* [Try it]
Repeat verbatim, and only, the lines of the data below, beginning at the line that contains "Notice the hand" and stopping after the line that contains "eSpectra is a".

* [Material provided]
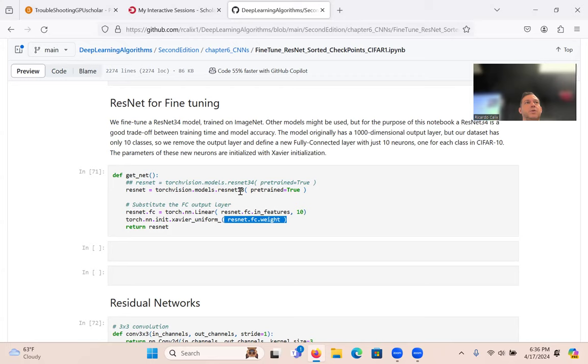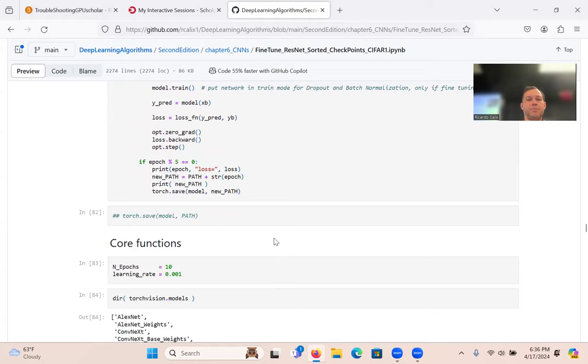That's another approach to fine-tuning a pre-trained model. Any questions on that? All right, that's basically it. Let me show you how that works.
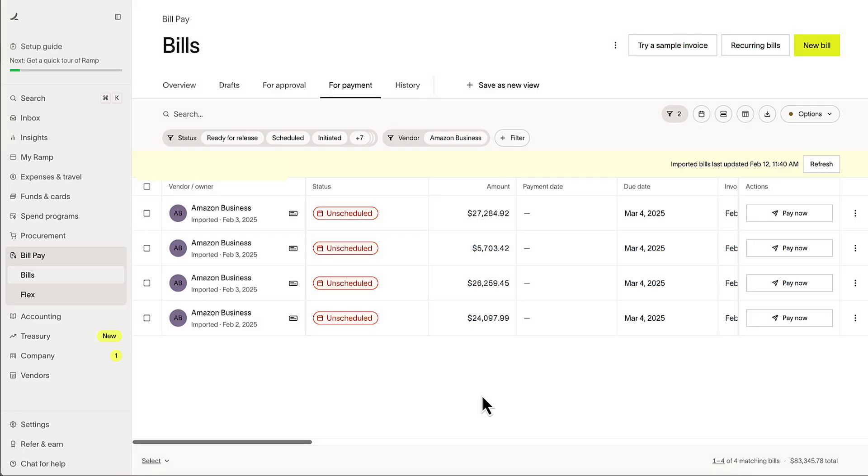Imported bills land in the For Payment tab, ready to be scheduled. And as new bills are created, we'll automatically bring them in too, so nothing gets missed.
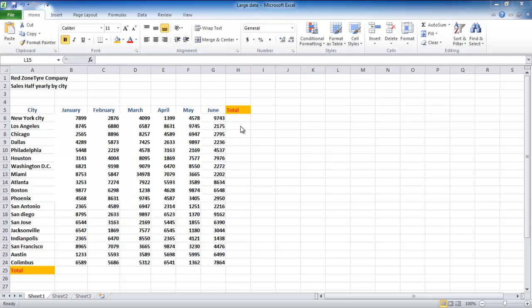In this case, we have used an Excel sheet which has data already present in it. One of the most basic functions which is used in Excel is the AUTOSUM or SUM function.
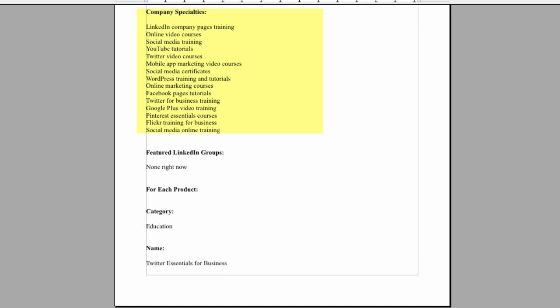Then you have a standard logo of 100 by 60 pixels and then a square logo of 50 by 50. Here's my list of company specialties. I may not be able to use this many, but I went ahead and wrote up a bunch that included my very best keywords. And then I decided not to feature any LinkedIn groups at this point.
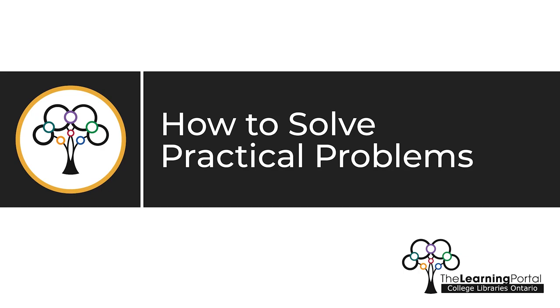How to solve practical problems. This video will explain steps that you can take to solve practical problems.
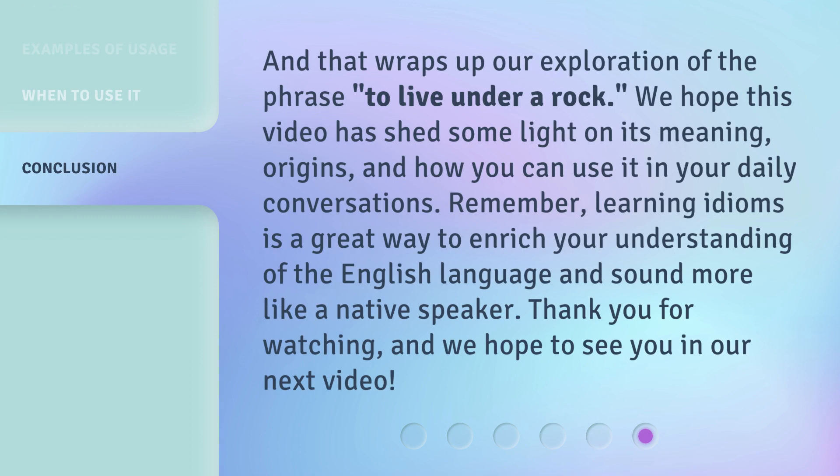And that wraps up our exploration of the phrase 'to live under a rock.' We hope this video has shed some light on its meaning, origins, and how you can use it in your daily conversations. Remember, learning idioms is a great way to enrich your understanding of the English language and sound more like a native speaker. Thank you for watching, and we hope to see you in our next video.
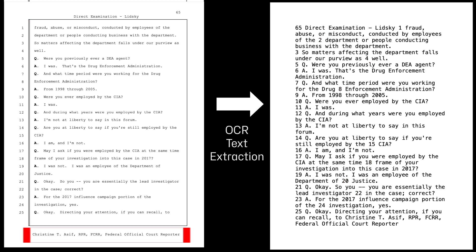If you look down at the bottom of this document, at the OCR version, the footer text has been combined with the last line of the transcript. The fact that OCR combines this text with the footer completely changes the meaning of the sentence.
---
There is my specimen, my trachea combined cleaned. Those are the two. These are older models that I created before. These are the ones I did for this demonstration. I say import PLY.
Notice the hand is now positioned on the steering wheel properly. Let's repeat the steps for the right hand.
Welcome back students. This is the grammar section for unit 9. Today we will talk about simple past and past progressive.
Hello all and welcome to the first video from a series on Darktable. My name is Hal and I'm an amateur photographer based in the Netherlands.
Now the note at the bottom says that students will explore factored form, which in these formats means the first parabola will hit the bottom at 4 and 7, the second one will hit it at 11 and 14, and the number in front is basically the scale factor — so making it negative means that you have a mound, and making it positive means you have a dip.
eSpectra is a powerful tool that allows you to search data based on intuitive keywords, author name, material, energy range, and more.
---
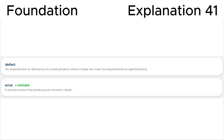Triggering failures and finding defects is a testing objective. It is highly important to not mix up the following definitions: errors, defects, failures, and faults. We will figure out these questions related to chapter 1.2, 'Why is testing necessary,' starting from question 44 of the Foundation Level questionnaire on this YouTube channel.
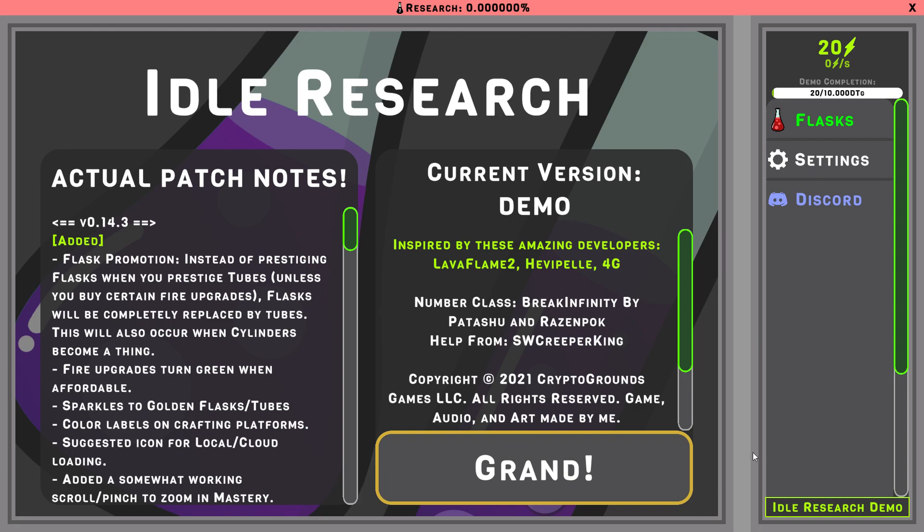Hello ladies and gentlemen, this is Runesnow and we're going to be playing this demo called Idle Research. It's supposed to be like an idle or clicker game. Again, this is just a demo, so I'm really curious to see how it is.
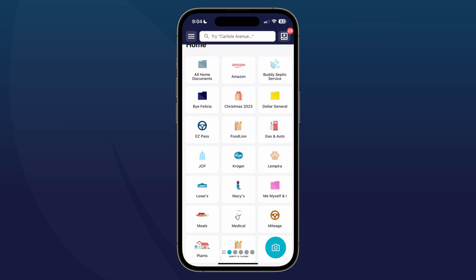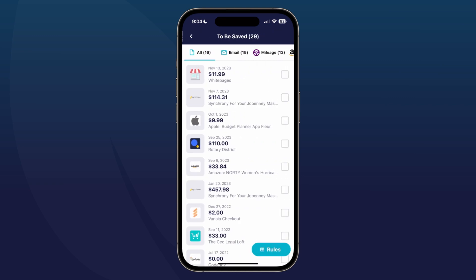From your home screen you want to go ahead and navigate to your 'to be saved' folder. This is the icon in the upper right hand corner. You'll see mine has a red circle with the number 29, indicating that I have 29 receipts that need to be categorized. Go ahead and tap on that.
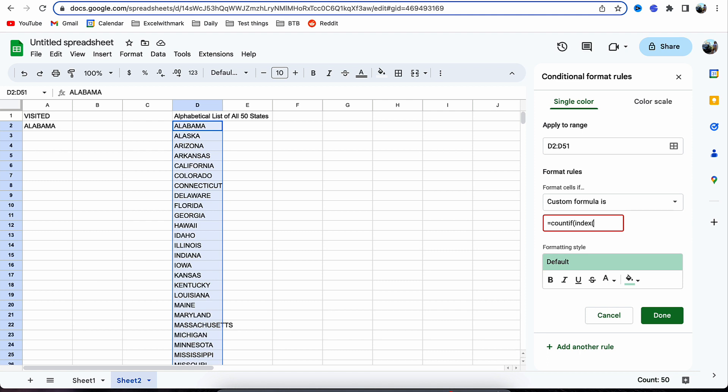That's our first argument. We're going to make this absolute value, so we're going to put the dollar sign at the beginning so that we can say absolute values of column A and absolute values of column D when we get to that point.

* [Answer box]
Notice the hand is now positioned on the steering wheel properly. Let's repeat the steps for the right hand.
Welcome back students. This is the grammar section for unit 9. Today we will talk about simple past and past progressive.
Hello all and welcome to the first video from a series on Darktable. My name is Hal and I'm an amateur photographer based in the Netherlands.
Now the note at the bottom says that students will explore factored form, which in these formats means the first parabola will hit the bottom at 4 and 7, the second one will hit it at 11 and 14, and the number in front is basically the scale factor — so making it negative means that you have a mound, and making it positive means you have a dip.
eSpectra is a powerful tool that allows you to search data based on intuitive keywords, author name, material, energy range, and more.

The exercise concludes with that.